• [WHAT YOU HAVE TO DO] Would you transcribe the records below from the line with "After you've tapped" to the line with "And let's say", ends included, exactly and with nothing more, leaving the pictures out?

• [RECORD EXTRACTS]
+-------+
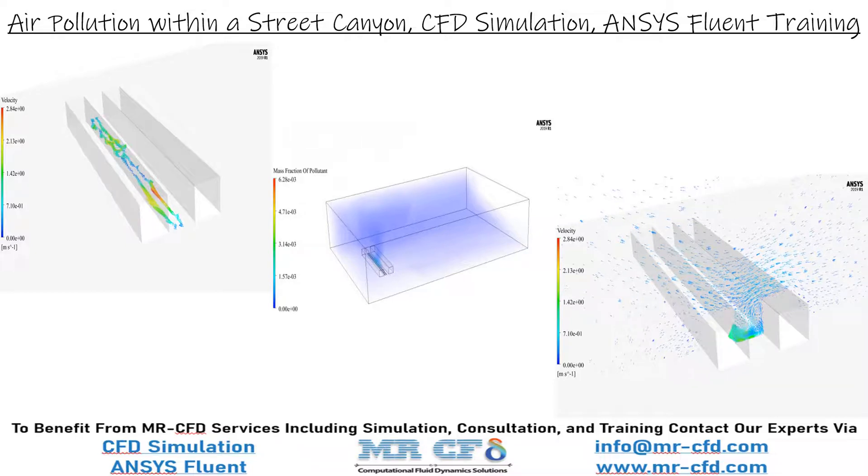The present problem simulates the diffusion of pollution in a street canyon using ANSYS Fluent software.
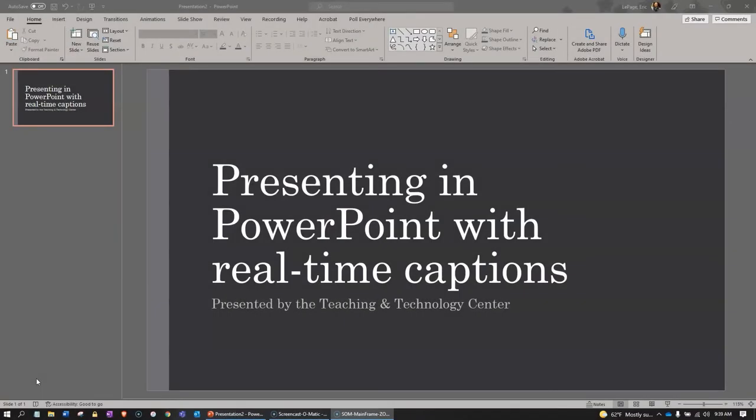Within PowerPoint and Microsoft Office 365, as you're presenting live to an audience in person or through a web conferencing tool like Zoom, you can have PowerPoint transcribe your words as you speak and display them on screen for your audience as captions. These captions can be displayed in the language you are speaking or translated to another language.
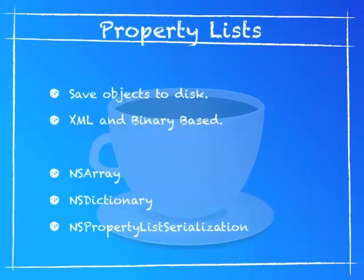One thing you may be wondering about is how do you save objects to your disk? There are many different ways, but the easiest way is to put an array and save them as a property list. The property list can be XML or binary-based. NSArray and NSDictionary already has methods to save them. If you wanted to get a binary-based property list, you would have to use NSPropertyListSerialization to save the object as a property list that is binary-based.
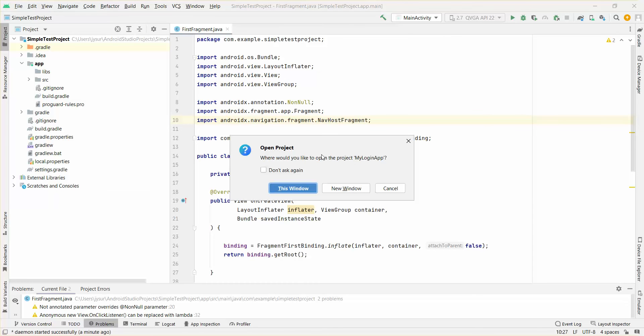one popup shows up. It says 'Do you want to replace the same window or open a new window?' This window will actually replace the existing Android project which you're working on, and new window will create a new separate window for this.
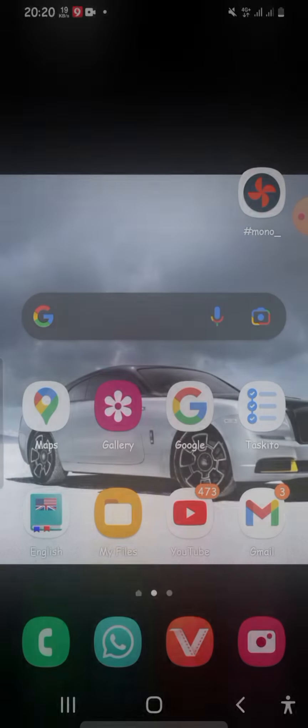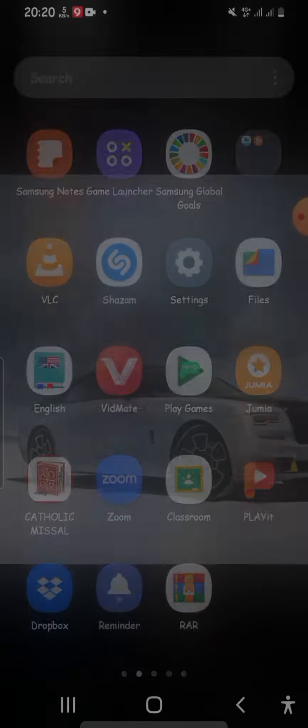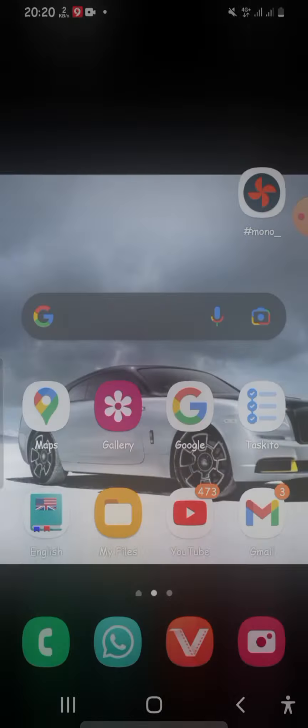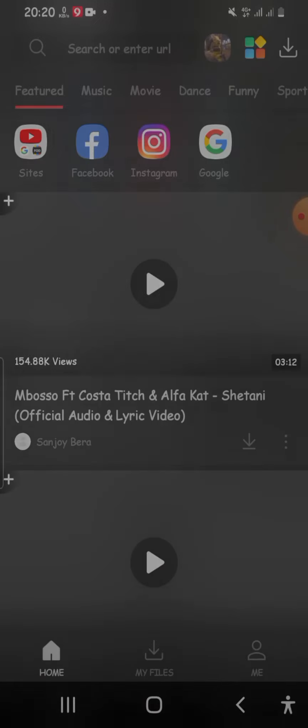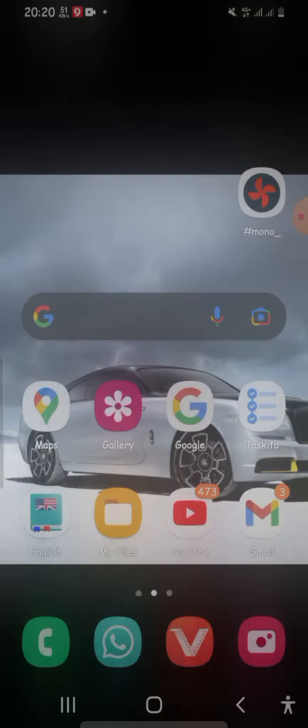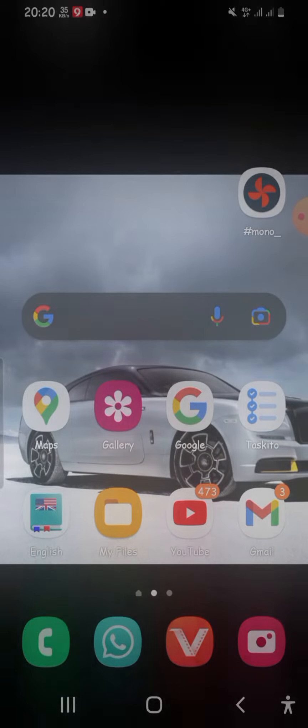After you've tapped the install button, you'll be able to access VidMate. So let me show you how to use VidMate to download movies and other content.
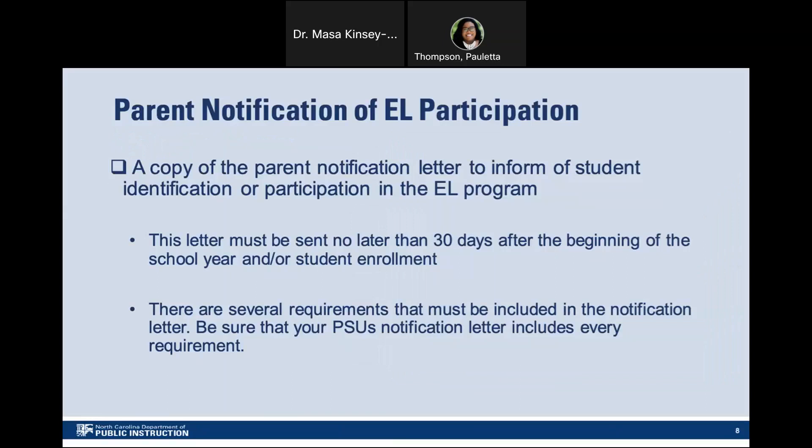Parent notification of EL participation: The PSU will provide a copy of the parent notification letter to inform of student identification or participation in the EL program. The notification to parents of students identified to participate or are participating in the EL program must be given no later than 30 days after the beginning of the school year. This notification must include the reasons for the identification of the student as an EL and in need of placement in a language instruction educational program, the child's level of English proficiency, how such a level was assessed, and the status of the child's achievement.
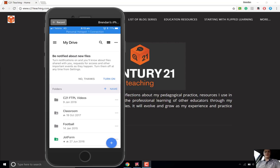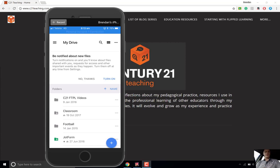Hi everybody, Brendan from c21teaching.com.au here. In today's Flipped Teacher Professional Learning video, we're going to go through the very simple process of adding an extra Google account into one of the apps on your phone. Particularly we're going to be looking at Google Drive, but this process will apply to all of the different Google apps.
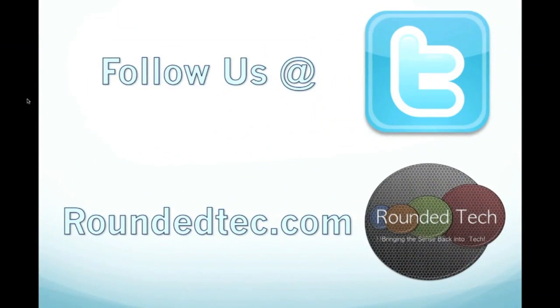Please subscribe if you like this video, and for more content, visit roundedtech.com. And to stay up to date with us, please follow us on Twitter.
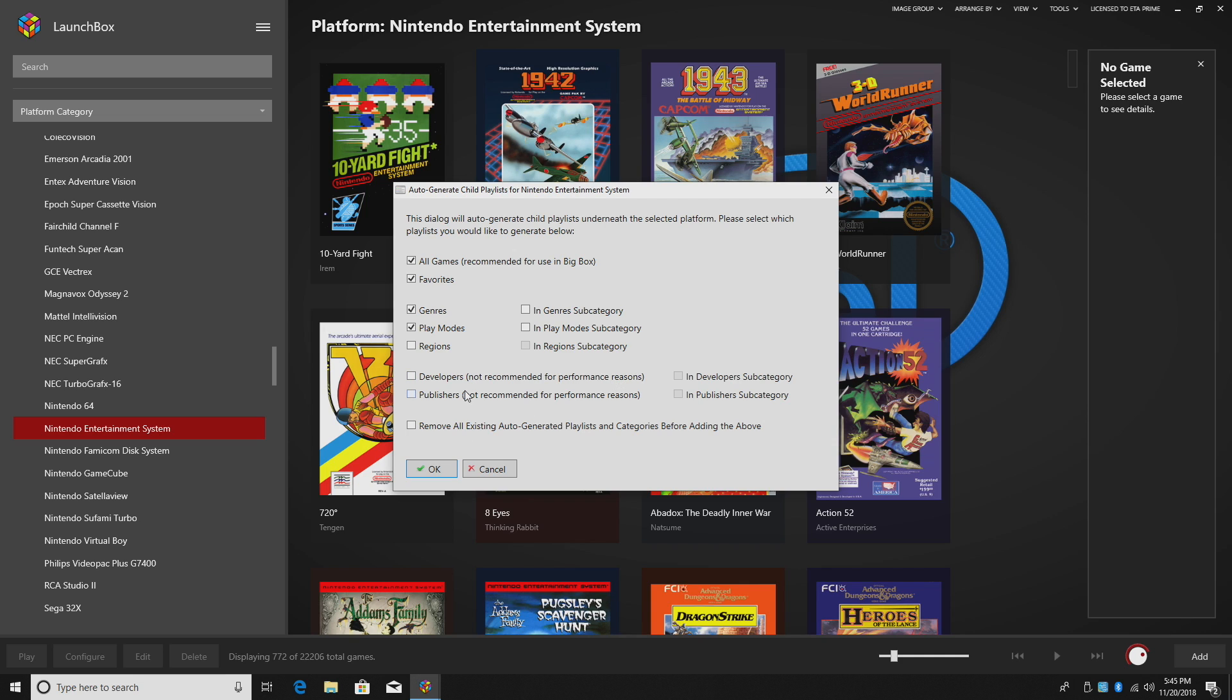And let's say you got a hold of some new games that you recently added to a certain platform. You can remove all existing auto-generated playlists. It will remake them for you. Or let's say you just didn't want play modes in there. We're going to go back here, click OK. It'll remove all of the existing generated playlists and replace them with the new ones we've selected.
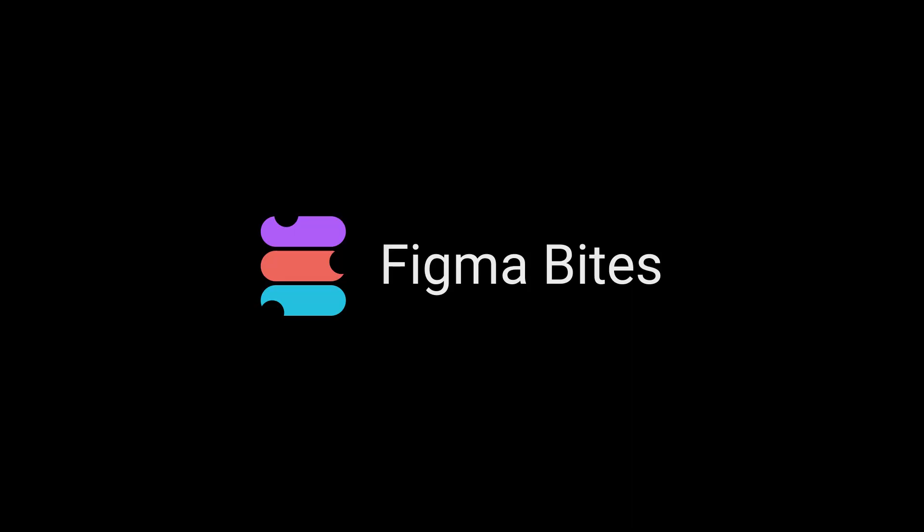And that's how you use Figma's plentiful pasting options. I hope this Figma Byte helps you promptly prove your pasting powers. Thanks for watching.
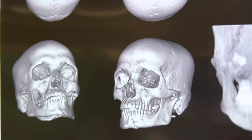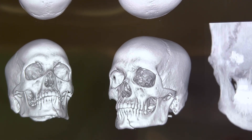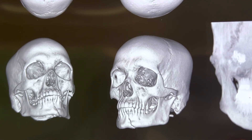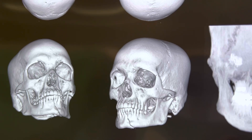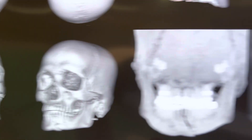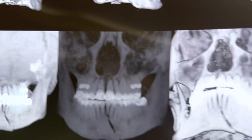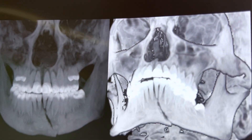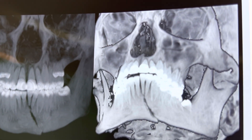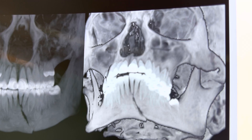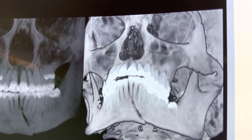This is the CT scan of this patient who was just in a road traffic accident. You can see the fracture in the symphyseal region very clearly — it's a minimally displaced one.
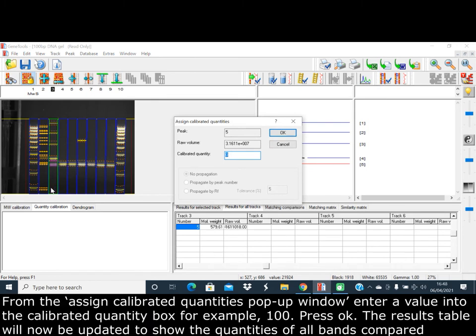From the Assign Calibrated Quantities pop-up window, enter a value into the calibrated quantity box, for example 100, and press OK.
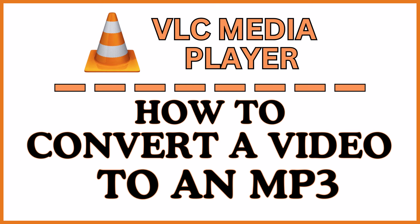This is going to be a video tutorial on how to convert a video file into an mp3 file using the VLC media player. Let me jump over to my desktop here.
+-------+
• [TASK SOLUTION]
After you've tapped the install button, you'll be able to access VidMate. So let me show you how to use VidMate to download movies and other content.
Parent notification of EL participation: The PSU will provide a copy of the parent notification letter to inform of student identification or participation in the EL program. The notification to parents of students identified to participate or are participating in the EL program must be given no later than 30 days after the beginning of the school year. This notification must include the reasons for the identification of the student as an EL and in need of placement in a language instruction educational program, the child's level of English proficiency, how such a level was assessed, and the status of the child's achievement.
Hi everybody, Brendan from c21teaching.com.au here. In today's Flipped Teacher Professional Learning video, we're going to go through the very simple process of adding an extra Google account into one of the apps on your phone. Particularly we're going to be looking at Google Drive, but this process will apply to all of the different Google apps.
Please subscribe if you like this video, and for more content, visit roundedtech.com. And to stay up to date with us, please follow us on Twitter.
And let's say you got a hold of some new games that you recently added to a certain platform. You can remove all existing auto-generated playlists. It will remake them for you. Or let's say you just didn't want play modes in there. We're going to go back here, click OK. It'll remove all of the existing generated playlists and replace them with the new ones we've selected.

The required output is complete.